Hi Jessy,
let me try to answer some of your questions.
> 16 Task Managers with 1 task slot and 1 CPU each
Every additional task manager also involves management overhead. So I
would suggest option 1. But in the end you need to perform some
benchmarks yourself. I could also imagine that a mixture could be
beneficial depending on the isolation level of your pipelines.
> there will be a single copy in the HEAP
From the JavaDocs of BroadcastState:
"Each operator instance individually maintains and stores elements in
the broadcast state."
I would assume that the HEAP contains n copies where n is the parallelism.
> I can process only n events/seconds(if the latency of the pipeline is
1s.)
Latency is not necessarily thoughput. This depends on the pipeline. For
example, if the pipeline contains only map functions without any keyBy.
The operators are "chained" together. You can also influence the
chaining [1] for better resource utilization. If you pipeline contains
I/O to external systems, you can use async IO to increase the
throughput. [2]
I would also recommend this section here:
https://nightlies.apache.org/flink/flink-docs-master/docs/concepts/flink-architecture/#task-slots-and-resources
Maybe you can elaborate on the operations in your pipeline.
> Can Flink process multiple events from the same key at the same time?
No, every key is routed to and executed by the same thread. However, you
create an artificial key to spread the load more evenly.
> any blogs regarding the results of Flink's load testing
I would also recommend the FlinkForward YouTube channel. A lot of users
stories including actual numbers and configurations are shown there.
Regards,
Timo
[1]
https://nightlies.apache.org/flink/flink-docs-master/docs/dev/datastream/operators/overview/#task-chaining-and-resource-groups
[2]
https://nightlies.apache.org/flink/flink-docs-master/docs/dev/datastream/operators/asyncio/
On 10.12.21 11:46, Jessy Ping wrote:
Hi All,
I have the following questions regarding the sizing of the Flink cluster
doing stateful computation using Datastream API. It will be better if
the community can answer the below questions or doubts.
Suppose we have a pipeline as follows,
*Kafka real time events source1 & Kafka rules source 2 ->
KeyedBroadcastProcessFunction -> Kafka Sink*
As you can see, we will be processing the real-time events from the
Kafka source using the rules broadcasted from the rule source with the
help of keyed broadcast function.
_Questions_
* I have a machine with 16 CPUs and 32 GB Ram.
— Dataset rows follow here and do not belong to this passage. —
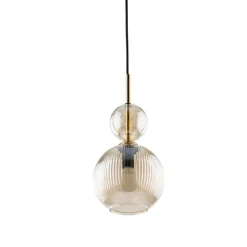 Lampa wisząca SOPHIA czarna klosz beżowy 1xE14 15 cm kula * TK Lighting Discount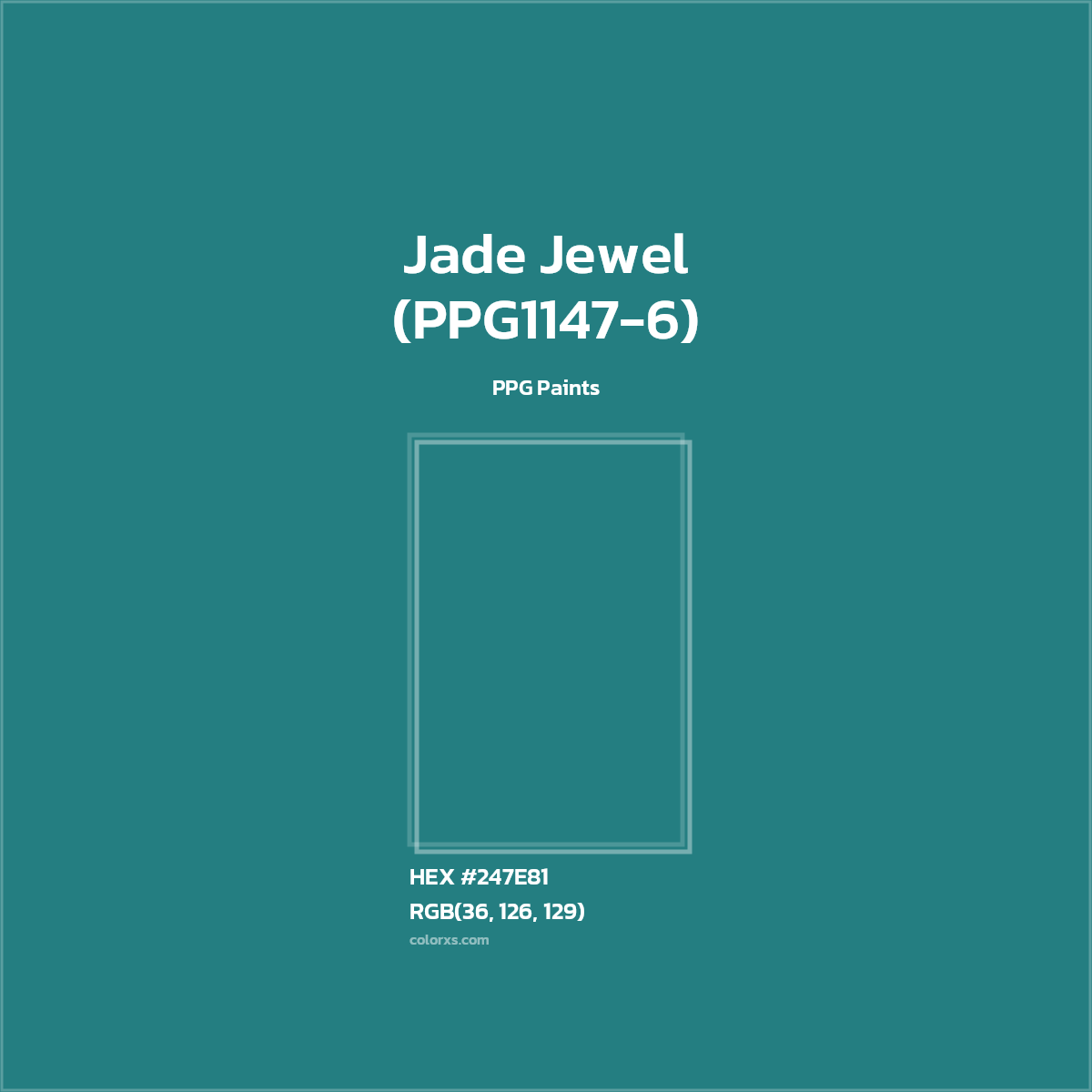 #247E81 Jade Jewel (PPG1147-6) Paint PPG Paints - Color codes and meaning | Matching colors and paints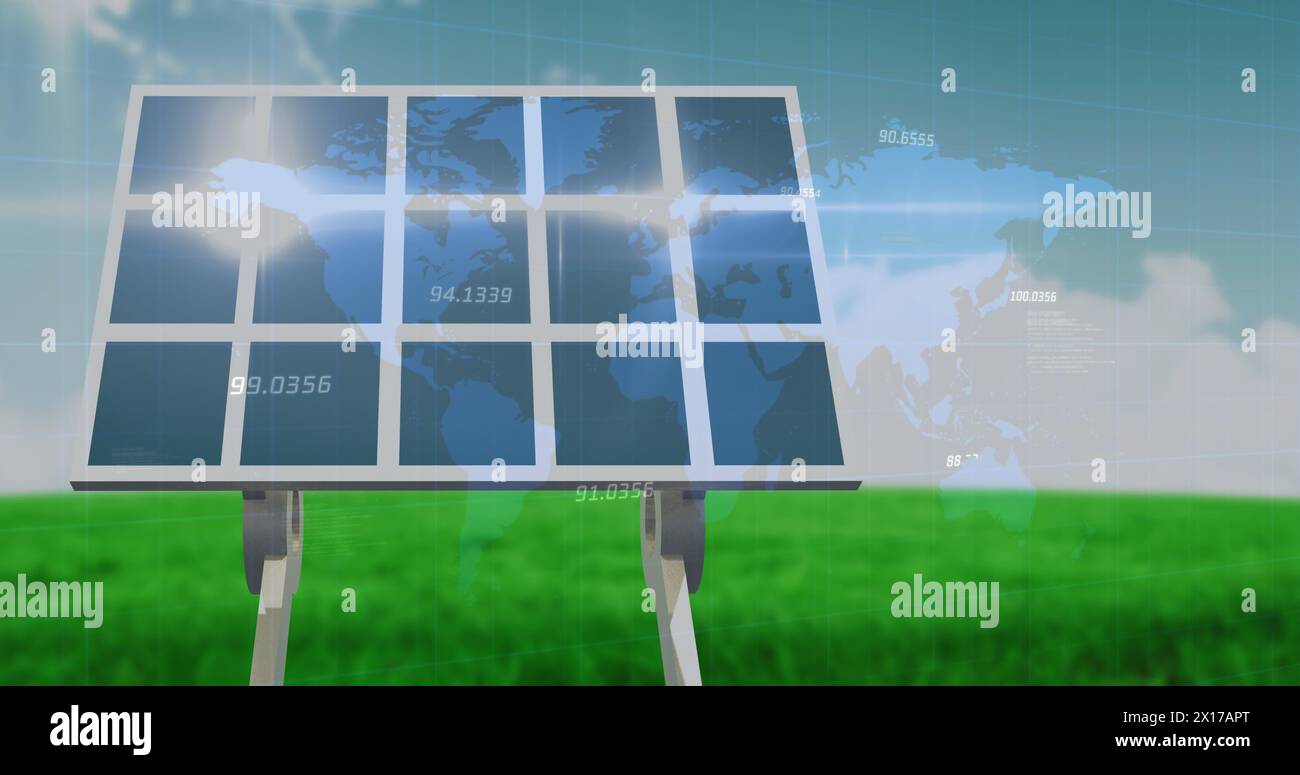 Image of icons over servers and sunny landscape Stock Photo - Alamy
Which configuration is
efficient for achieving the target parallelism of 16?
1. A single task manager with 16 task slots
2. 16 Task Managers with 1 task slot and 1 CPU each.
* If I have a broadcast state in my pipeline and I have a single task
manager with 16 task slots for achieving the target parallelism of
16. Does Flink keep 16 copies of broadcast state in the single task
manager or there will be a single copy in the HEAP for the entire
task slots?
* If a parallelism of n means, I can process only n events/seconds(if
the latency of the pipeline is 1s.). How many requests a single task
slot (containing a single task) can execute at a time ?
* Can Flink process multiple events from the same key at the same time?
* I have found the following blog regarding the Flink cluster size,
https://www.ververica.com/blog/how-to-size-your-apache-flink-cluster-general-guidelines
<https://www.ververica.com/blog/how-to-size-your-apache-flink-cluster-general-guidelines>.
Do we have some other blogs, testimonials, or books regarding the
sample production setup/configuration of a Flink cluster for
achieving different ranges of throughput ?
* Are there any blogs regarding the results of Flink's load testing
results ?
Thanks
Jessy